Moving From the Public to the Private Sector...Switching Tracks

At least one time every week, I am contacted by someone who was in the FBI, Secret Service, Department of State, CIA, Customs and Border Protection, US Marshalls, Military or Law Enforcement asking how I can help them to approach their transition to a private sector corporate job.

This type of transition does happen and it is entirely possible.  More often than not, the approach that people who are making this public sector to private employment transition could be improved upon.

Here are a few thoughts to consider:

  • The audience you will serve and work with in your new career speaks a different language than you likely did in your first career.
  • The way you communicate on your resume needs to align with the way your second career audience communicates.
  • Writing and speaking in acronyms and abbreviations will not make your transition to a private sector career easy.
  • The private sector career you’re considering may be with a business.
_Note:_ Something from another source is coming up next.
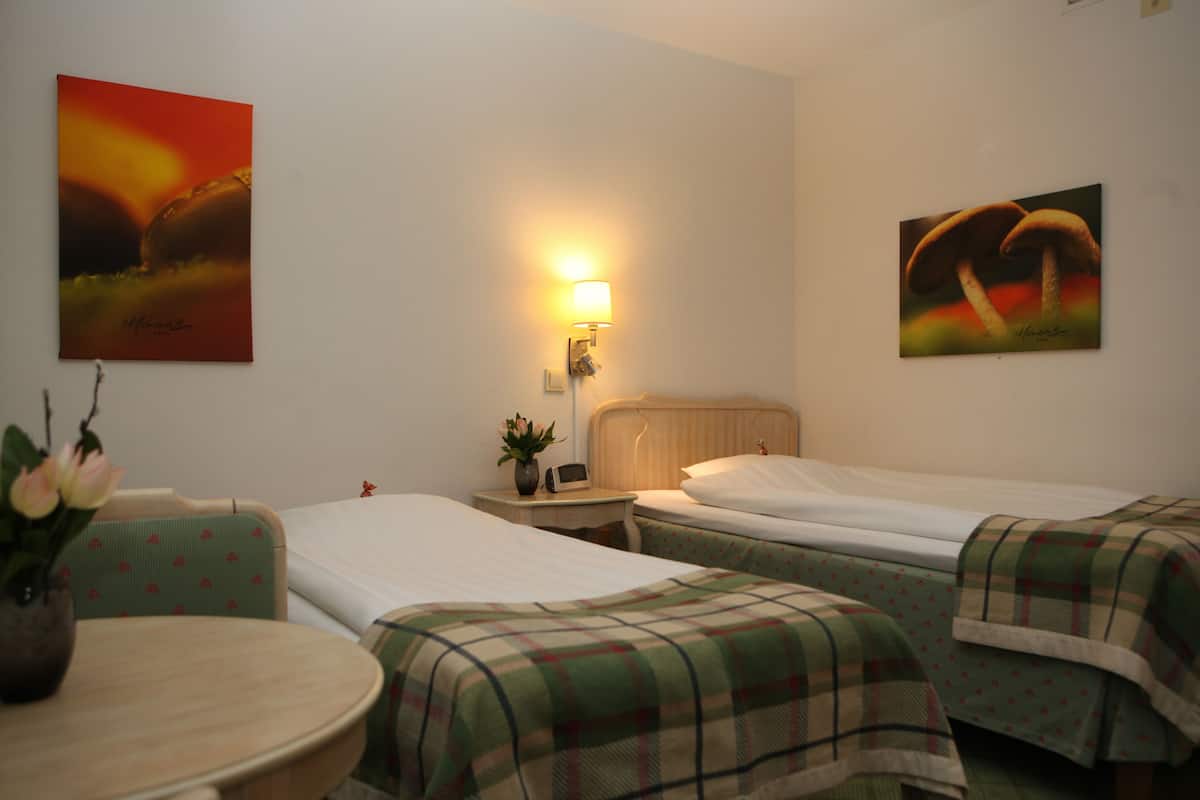 Economy Single Room (Single room with extra bed)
Businesses operate on the basis of profit and loss.  You must learn to think, act and communicate like a business person.
  • In law enforcement, your authority may have come from investigating and/or enforcing criminal laws and procedures.  The business environment is different.  You will have to earn your new authority by building relationships, solving problems that matter to the business and demonstrating business value to business people.

There is significant value you can bring to the private sector from your first career experiences.  In order to make this transition successfully, you need to address these issues and more:

  • A resume that speaks in the language of your desired new audience.
  • A LinkedIn presence that aligns with your resume and communicates your business value clearly to your desired new audience.
  • Understand your own risk tolerance and make sure your risk tolerance properly aligns with the risk tolerance of the company you're considering joining.
  • To interview in a way that convinces your private sector audience that you have the capacity to learn and understand their business drivers and business culture.
  • Demonstrate the ability to support and enable business development, collaborate effectively, systematically assess risks, communicate and implement risk mitigation strategies.